# Snowblower Improvement Kit



## bob (Dec 26, 1999)

I saw this on eBay. Has anyone else used it? http://www.plowsite.com/newthread.php?action=newthread&forumid=2


----------



## cat320 (Aug 25, 2000)

bob that link goes right back to plowsite try it again.


----------



## BWhite (Sep 30, 2002)

*hey how did you do that ?*

!


----------



## bob (Dec 26, 1999)

Oops, here it is http://cgi.ebay.com/ws/eBayISAPI.dll?ViewItem&item=2309516954&category=22655


----------



## WOODY367 (Dec 19, 2002)

I bought one and it came in the mail on Sat. Haven't had a chance to put it on yet. Maybe by the weekend.


----------



## AMF-6 (Dec 9, 2003)

*Impeller Kit*

I bought one too. I haven't installed it yet. Does anyone think that maybe the additional seal will cause a smaller motor to be overworked?


----------



## AMF-6 (Dec 9, 2003)

By the way, does anyone know where I can find parts for old AMF snowblowers, specifically a 26" Huskie. Thanks.


----------



## Plow Meister (Oct 16, 2001)

That link is no longer valid for the ebay item. What is this kit?


----------



## LandscapeEscape77 (Apr 13, 2003)

Yeah-I cant get that one either-would like to see it as I constantly run snow blowers. 

Thanks


----------



## john222 (Sep 11, 2003)

Here is a link for this. This is for an auction that has already ended though.

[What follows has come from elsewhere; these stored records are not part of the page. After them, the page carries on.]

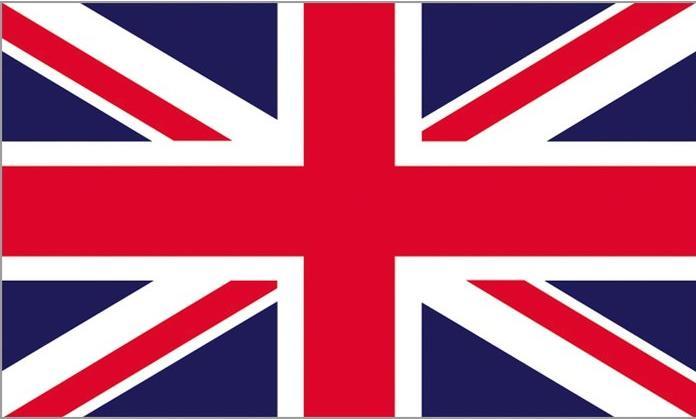 Cross Promotion Great Britain - Union Jack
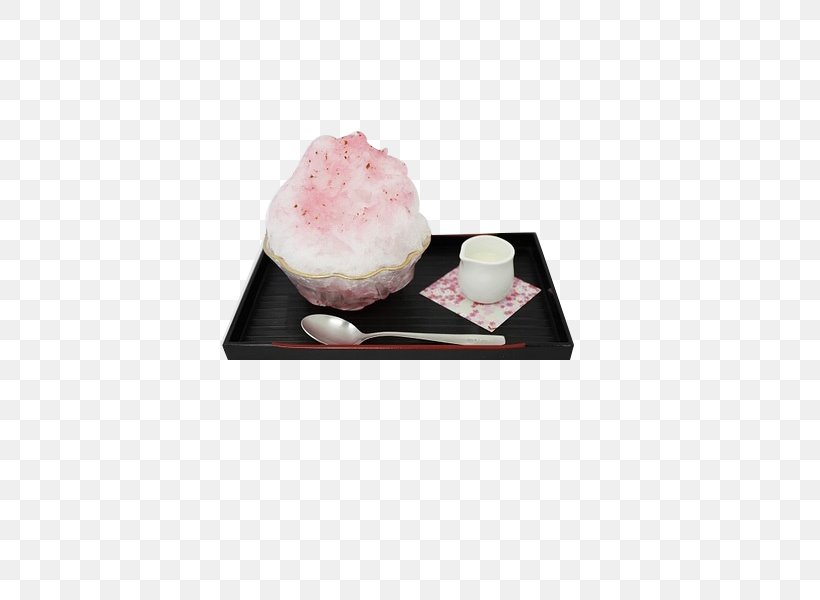 Kakigu014dri Ginza Tatsutano Baobing Wagashi Sakuramochi, PNG, 600x600px, Baobing, Anmitsu, Cherry Blossom, Chinese Cuisine, Dessert Download Free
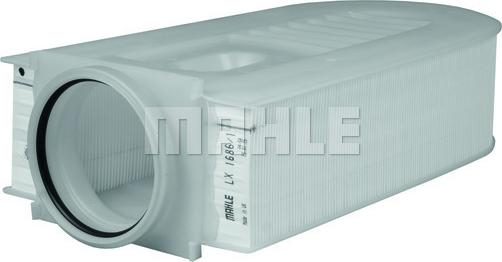 KNECHT LX 1686/1 - Filtr powietrza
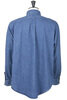 018112-95 Standard Button Down Used Denim - Blue Used Denim Thumbnail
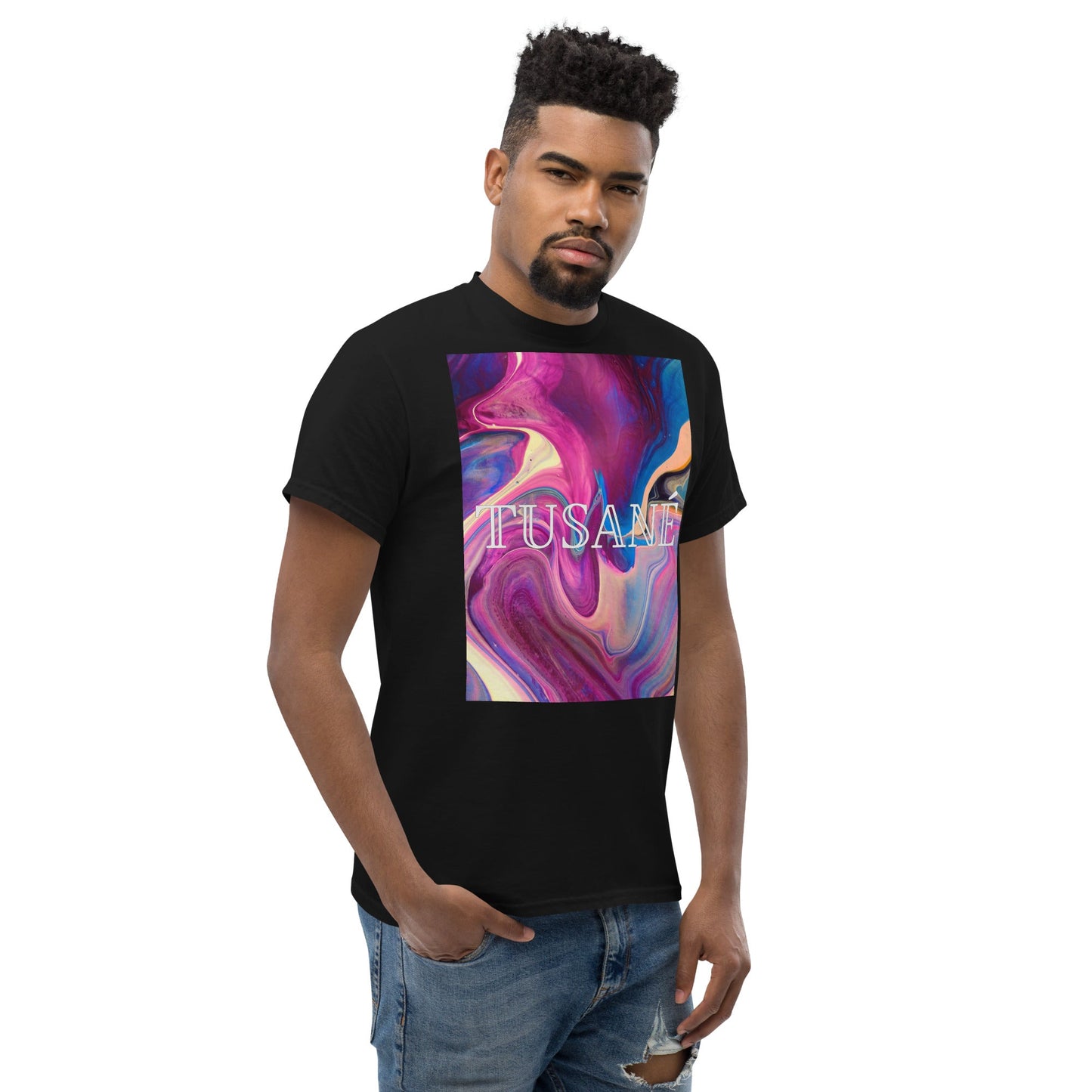 TUSANÉ by Style Loft Collection Gemstone Lava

http://cgi.ebay.com/ws/eBayISAPI.dll?ViewItem&item=2365697697&category=42230


----------



## Eyesell (Nov 7, 2003)

click on seller other auctions he has 90 more for sale :bluebounc


----------



## AMF-6 (Dec 9, 2003)

To find information, search impeller kit on google or on ebay. It will say something about a 100% garauntee or 90 days.


----------



## Auggiedoggie (Dec 26, 2004)

*How tight should the auger belt be*

I have a single stage auger control yard man bantam snow bird snow thrower. I check the belt and the longest part goes about 2 inches when pressed form the center. Also the auger will stop if its clogged with wet snow. Is this a sign of a bad belt?
Thank you


----------



## Toby (Aug 29, 2003)

Here's the Ultimate Snowblower Improvement Kit...
http://www.toro.com/home/snowthrowers/snowcommander/38600.html

2 Stage Frictions from MTD/Toro/Ariens or in Honda's Case SD hydro Blowers Are Pretty Much redundant, unproductive and labour intensive Junk For Commercial Use.........IMO.


----------



## john222 (Sep 11, 2003)

http://cgi.ebay.com/ws/eBayISAPI.dll?ViewItem&category=42230&item=4349277208&rd=1&ssPageName=WDVW


----------



## bobingardner (Jul 18, 2004)

Welcome Auggiedoggie,

It does sound like the belt is worn or loose. I tried to find an owner's manual on the web but all I came up with was this MTD site.  I believe they make yardman products. They have e-manuals but you need to enter your model and serial numbers. Good luck.

bob


----------



## vis (Nov 20, 2004)

any1 ever used one of these? i would find the extra distance extremely helpful so i avoid blowing the snow 2 times in a wide area..


----------



## Twins_Lawn_Care (Jan 19, 2004)

I have not used them, but working in the fan industry, the theory is correct. The "gap" between the impeller and housing is the key factor in improving airflow and pressure build up, and in this case, snow-flow. I would think so long as the unit had the horsepower to accomodate the extra snow, it would be great. Seems it would prevent less snow from being recirculated before being thrown, and thus redundant work.


----------



## Robert Whitebre (Jan 7, 2005)

*AMF snowblowers*

I hsve an old AMF snowblower, does any one know where I can get parts for it?


AMF-6 said:


> By the way, does anyone know where I can find parts for old AMF snowblowers, specifically a 26" Huskie. Thanks.


----------